• TASK: Copy each line of the data below exactly, leaving out pictures.

• INFORMATION GIVEN:

--

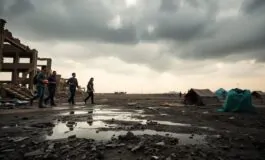 israele intensifica le incursioni mentre gaza rinasce dopo la tempesta 1765865883 265x160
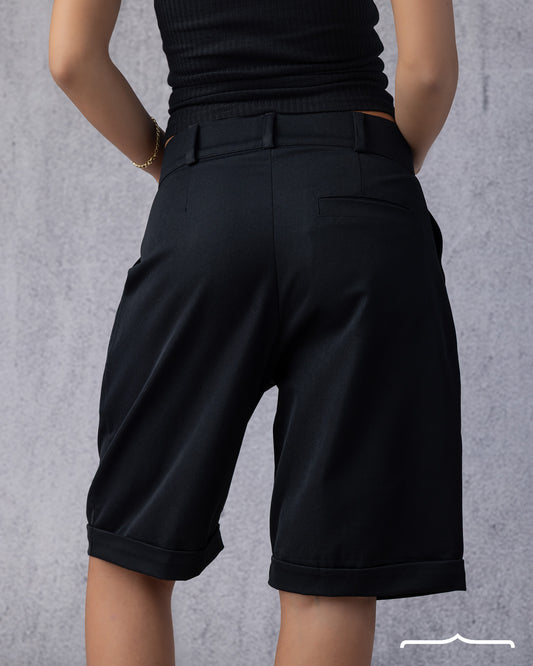 Structured Bermuda in Black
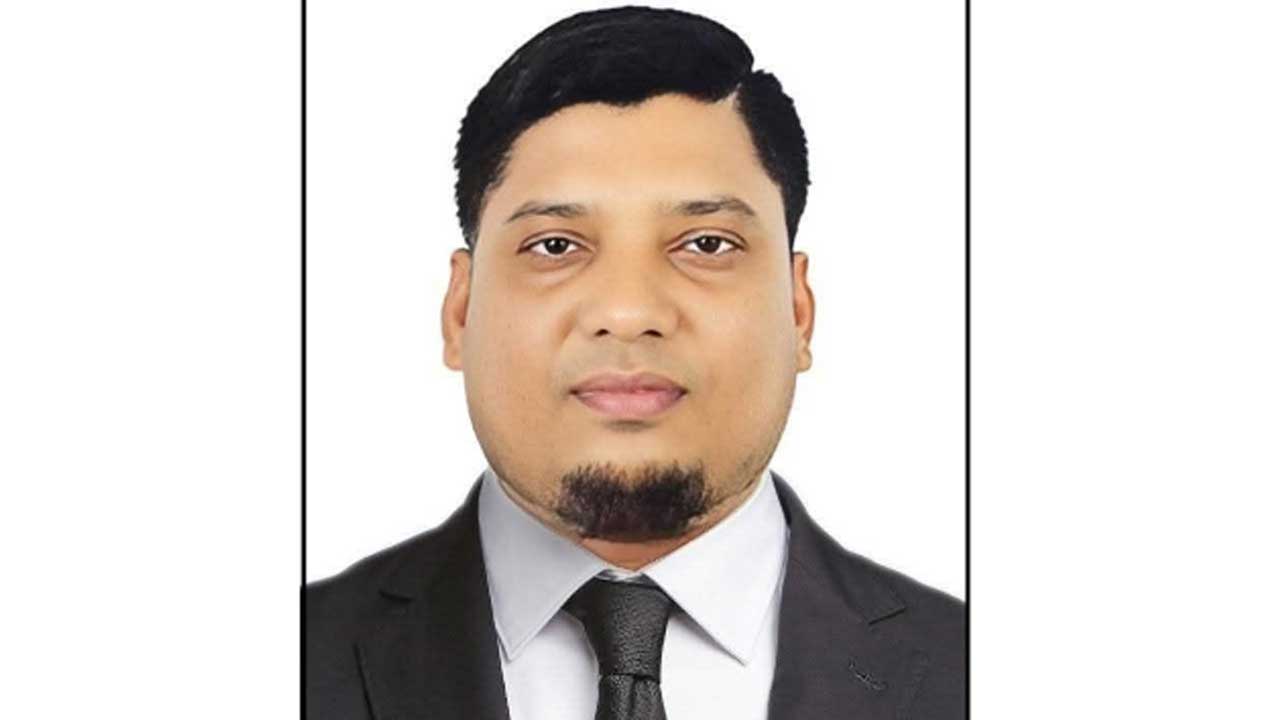 দেশে এসেও বিমানবন্দর থেকে বাড়ি ফেরা হলো না প্রবাসীর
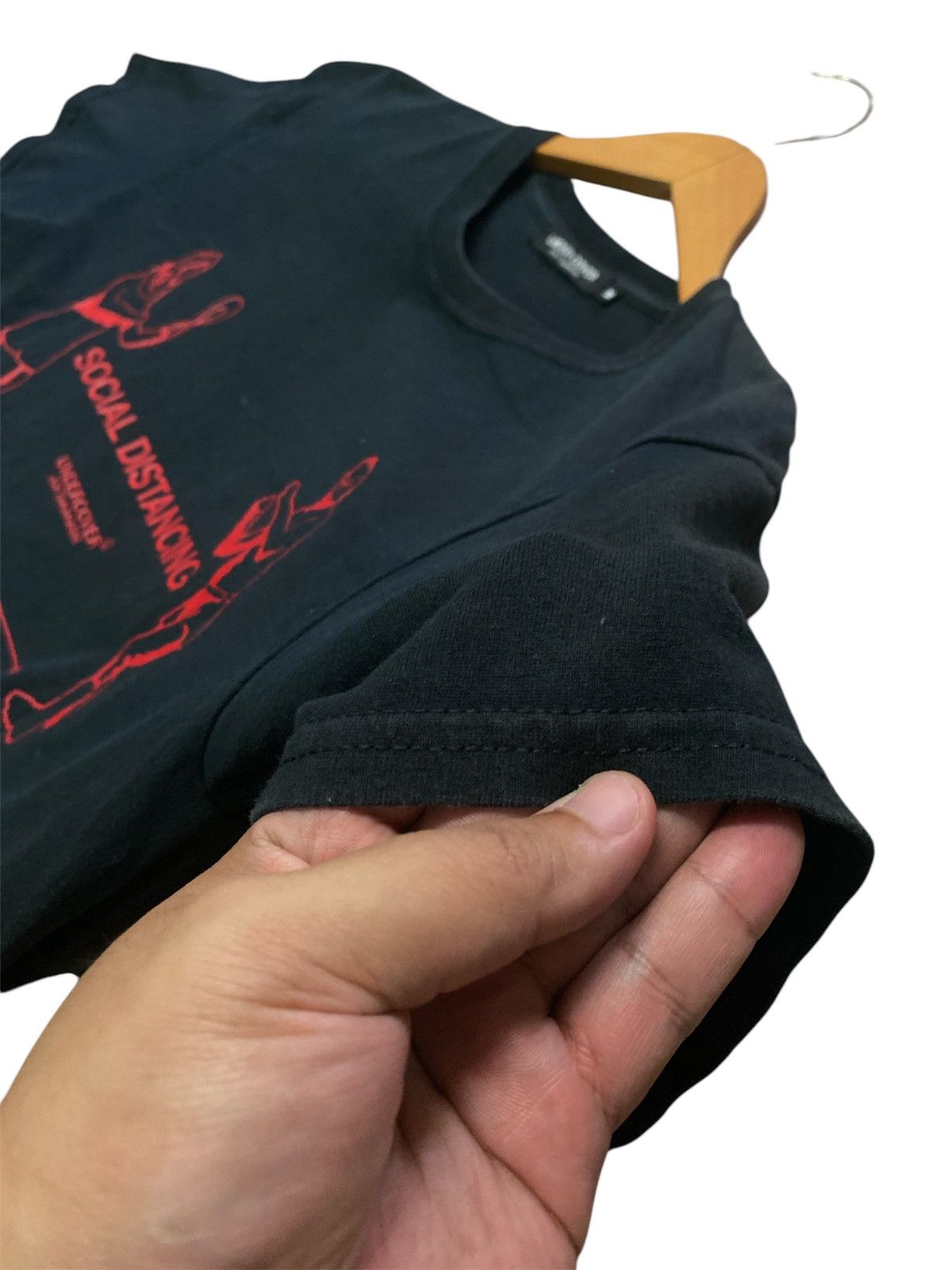 Undercover ‼️RARE‼️UNDERCOVER SOCIAL DISTANCING TEE🔥 Size US M / EU 48-50 / 2 - 8 Thumbnail
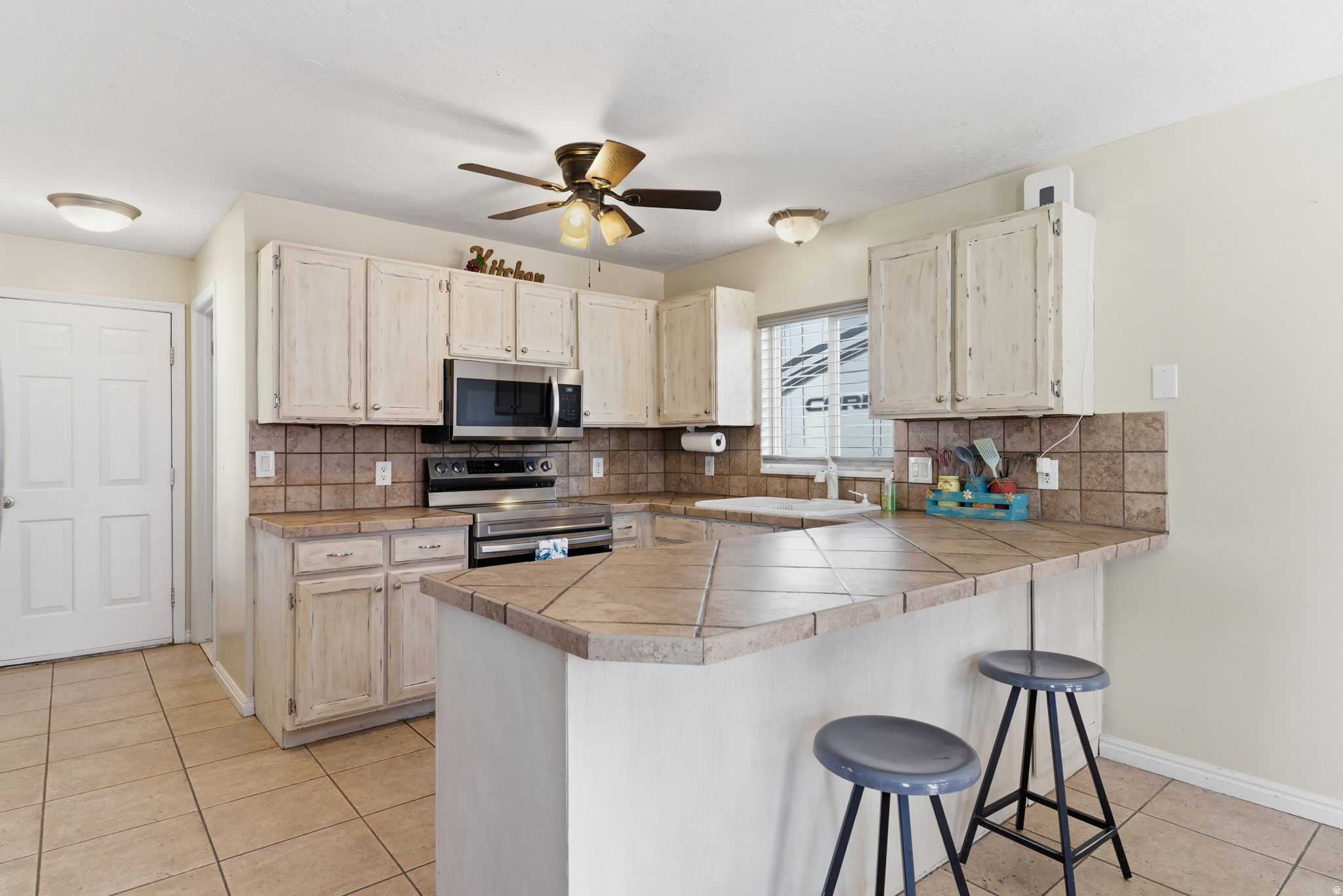 SHADOW RUN ESTATES - Residential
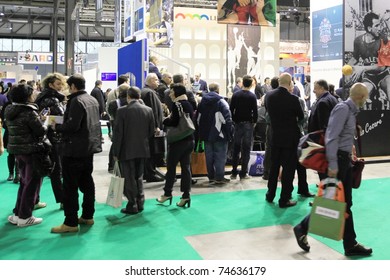 Milan Italy February 20 People Visit Stock Photo 74636179 | Shutterstock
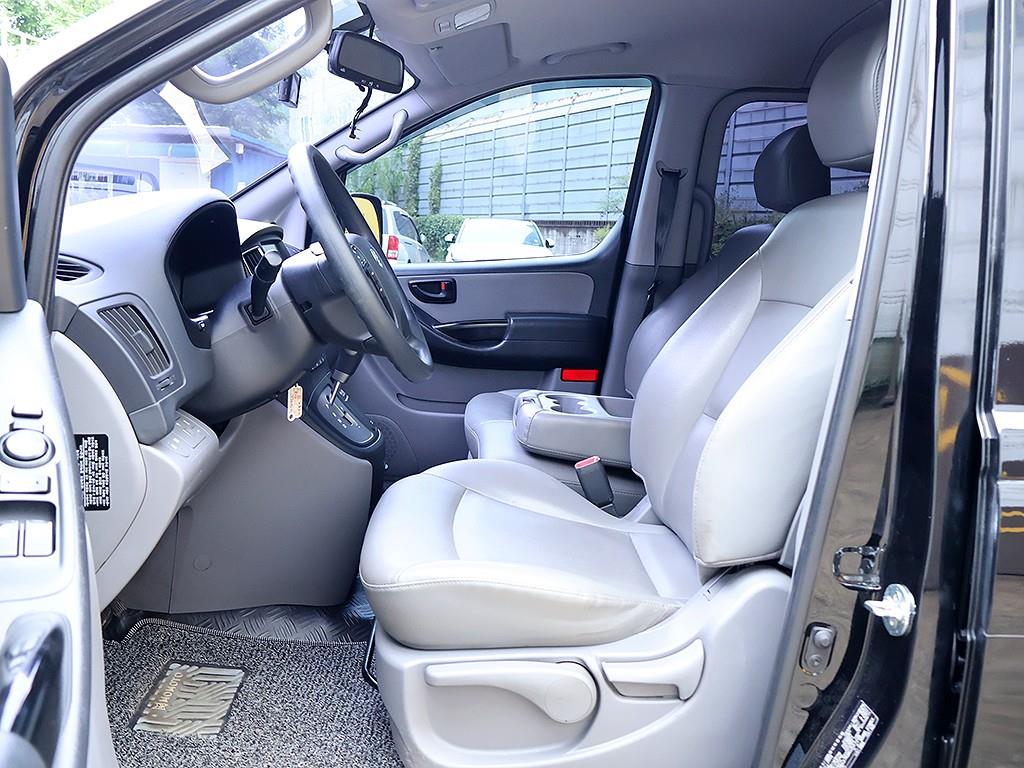 HYUNDAI Starex 2019 Negro - Importación desde Corea - HF Imports Iquique - Foto 10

--

• ANSWER TO THIS EXERCISE:
 israele intensifica le incursioni mentre gaza rinasce dopo la tempesta 1765865883 265x160
 Structured Bermuda in Black
 দেশে এসেও বিমানবন্দর থেকে বাড়ি ফেরা হলো না প্রবাসীর
 Undercover ‼️RARE‼️UNDERCOVER SOCIAL DISTANCING TEE🔥 Size US M / EU 48-50 / 2 - 8 Thumbnail
 SHADOW RUN ESTATES - Residential
 Milan Italy February 20 People Visit Stock Photo 74636179 | Shutterstock
 HYUNDAI Starex 2019 Negro - Importación desde Corea - HF Imports Iquique - Foto 10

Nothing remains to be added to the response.